=== Data to use ===

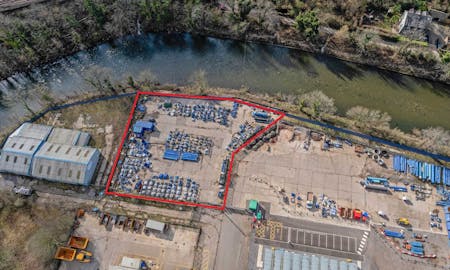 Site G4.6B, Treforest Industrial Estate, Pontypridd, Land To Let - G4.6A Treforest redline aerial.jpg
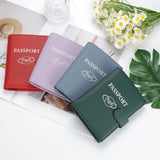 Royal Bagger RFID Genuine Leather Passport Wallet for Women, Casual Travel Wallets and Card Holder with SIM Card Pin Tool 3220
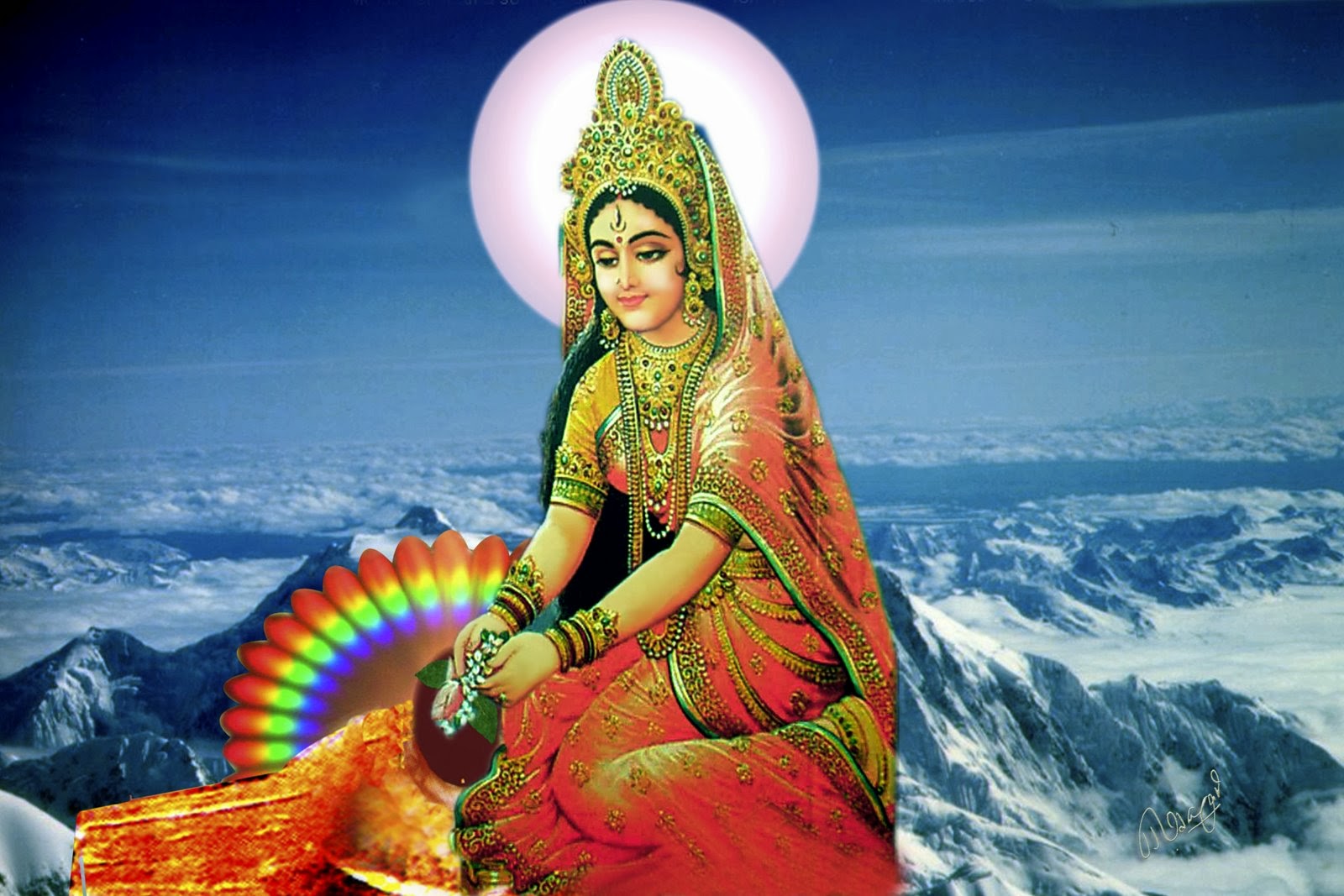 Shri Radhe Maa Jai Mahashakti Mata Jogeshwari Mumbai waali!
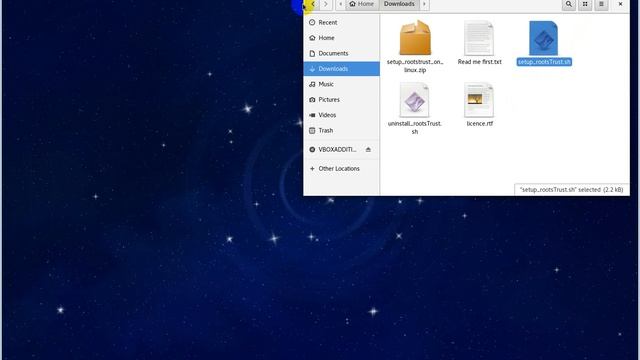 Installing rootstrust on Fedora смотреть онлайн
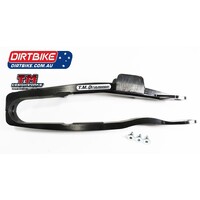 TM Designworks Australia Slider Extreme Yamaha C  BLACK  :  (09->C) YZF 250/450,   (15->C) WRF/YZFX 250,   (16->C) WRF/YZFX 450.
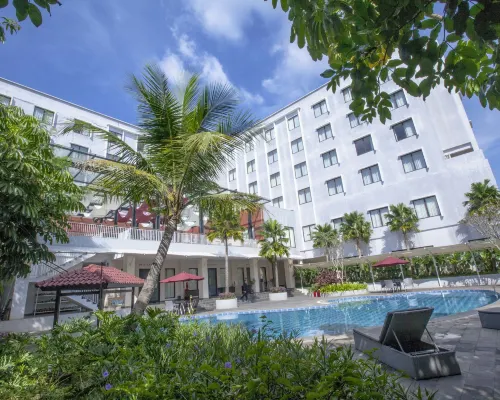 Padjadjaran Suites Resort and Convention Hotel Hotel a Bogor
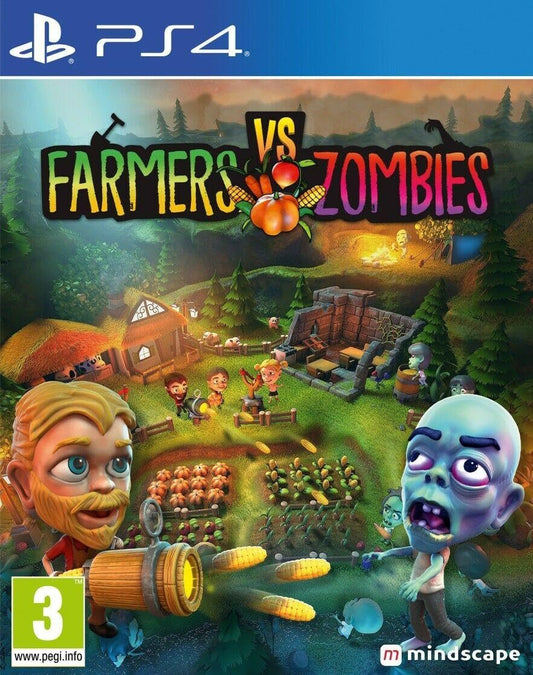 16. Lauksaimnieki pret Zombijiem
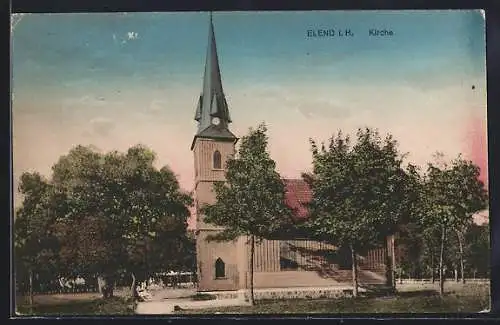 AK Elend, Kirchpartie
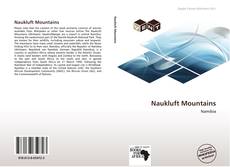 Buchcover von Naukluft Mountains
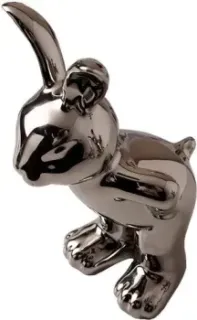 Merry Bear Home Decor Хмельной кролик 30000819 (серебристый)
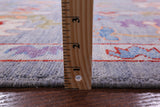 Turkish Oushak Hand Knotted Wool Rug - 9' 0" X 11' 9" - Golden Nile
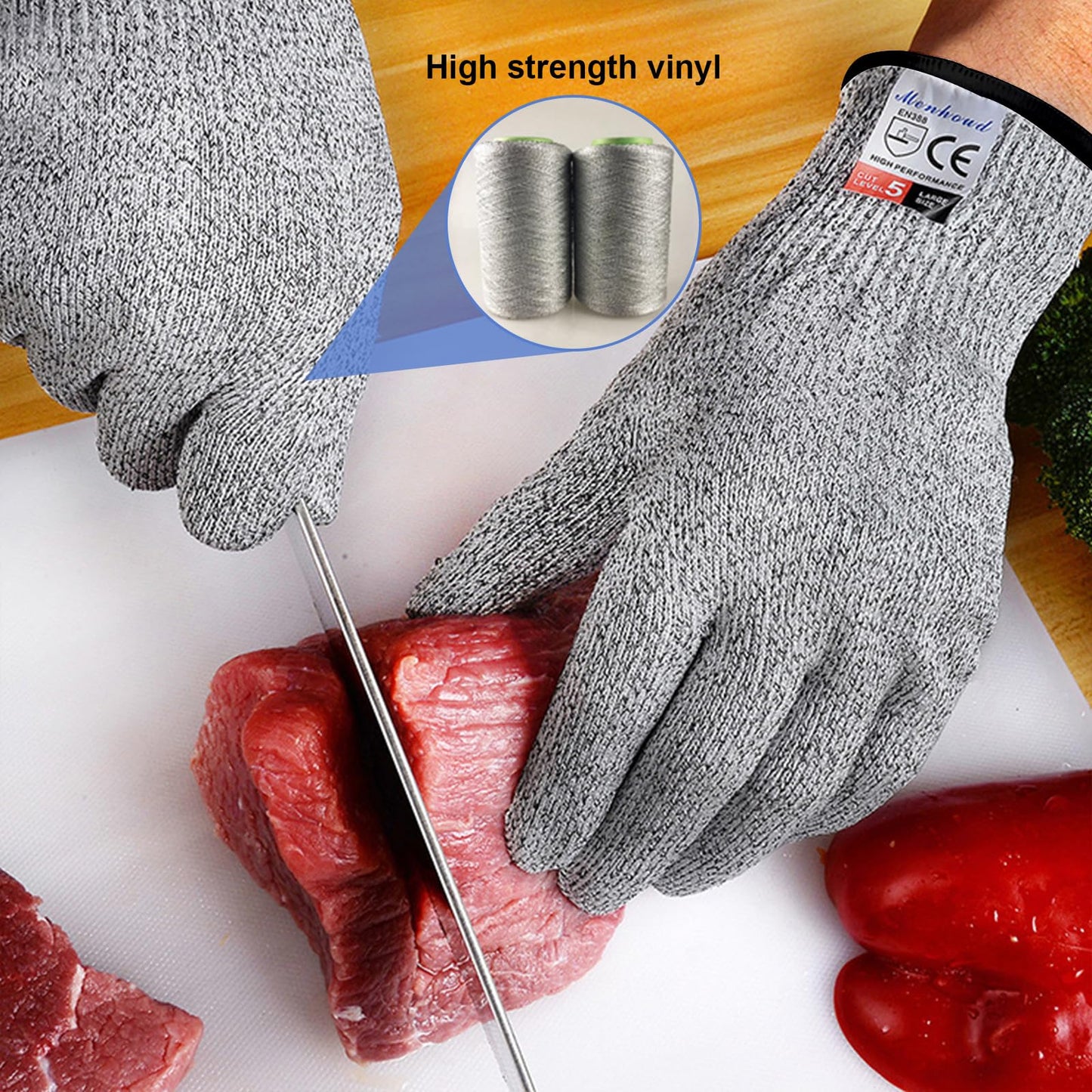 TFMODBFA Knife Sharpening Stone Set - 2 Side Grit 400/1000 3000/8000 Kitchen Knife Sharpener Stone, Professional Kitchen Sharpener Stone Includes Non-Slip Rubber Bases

===

Word for word, restate the lines above from the first through the one that contains "Royal Bagger RFID", and exclude all pictures.

Result of the exercise:
 Site G4.6B, Treforest Industrial Estate, Pontypridd, Land To Let - G4.6A Treforest redline aerial.jpg
 Royal Bagger RFID Genuine Leather Passport Wallet for Women, Casual Travel Wallets and Card Holder with SIM Card Pin Tool 3220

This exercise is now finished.